There has been bipartisan support in recent years for bringing down the regulatory hammer on big tech. Federal lawsuits pending against Facebook and Google are expected to gear up under Biden. Even the executives leading the companies have recognized publicly that regulation should play a more prominent role in shaping the companies. Biden’s exact plan for how to do that is not yet fully clear, and as a candidate he was not as outspoken on the issue as Democratic rivals like Sens. Elizabeth Warren or Bernie Sanders.

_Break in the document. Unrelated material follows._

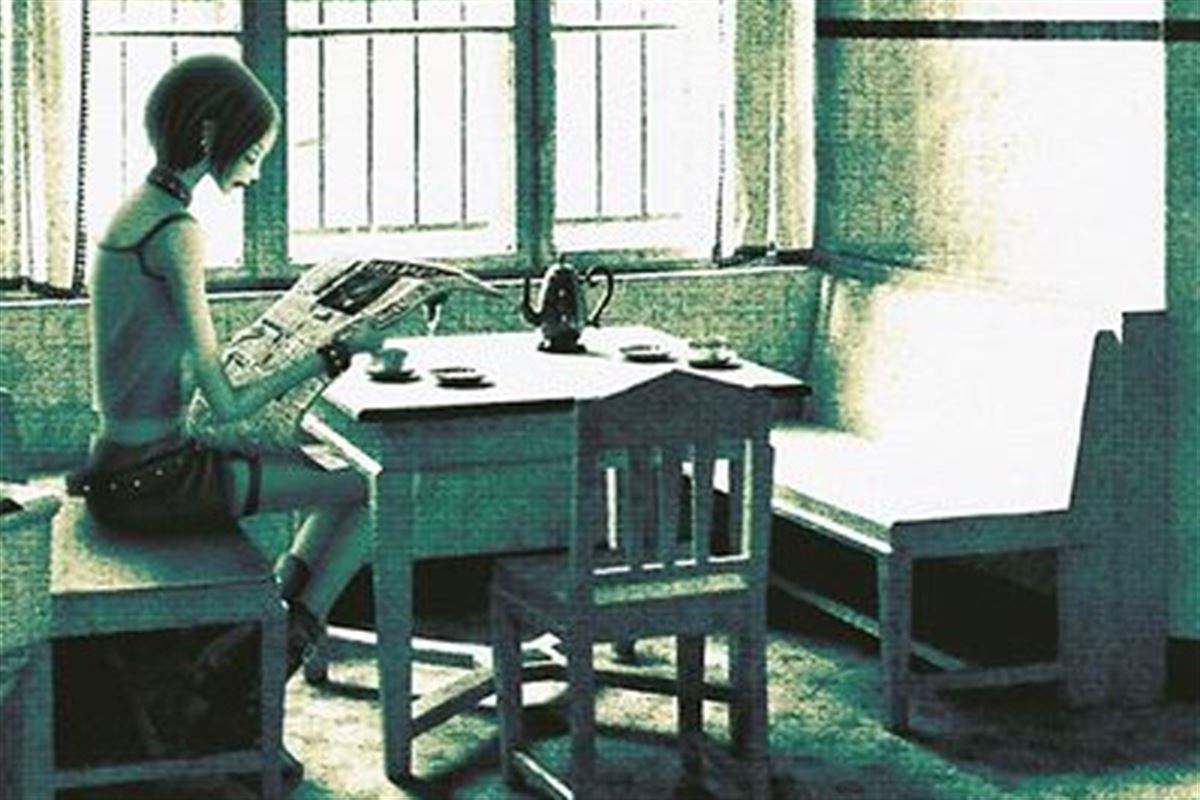 Le top des mangas à lire dans sa vie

A contributor to the New York Times opinion pages, Wu has frequently argued that tech companies are choking competition and harming customers with data collection and other activities. He is credited with coining the term “net neutrality,” a set of laws that govern how the internet is managed and allow providers to “gate” certain “lanes” of internet traffic. Net neutrality, repealed during the Donald Trump administration, is supported by content suppliers like Netflix, who say it keeps gatekeepers from “throttling” their streaming service. Major broadband suppliers like Comcast take the opposing view.

Wu has worked at the Federal Trade Commission, for the New York Attorney General, as a fellow at Google, and for telecom firm Riverstone Networks. Along with The Master Switch, about cycles of communication innovation over the past century, Wu wrote the book The Attention Merchants, which focuses on advertising through the digital age.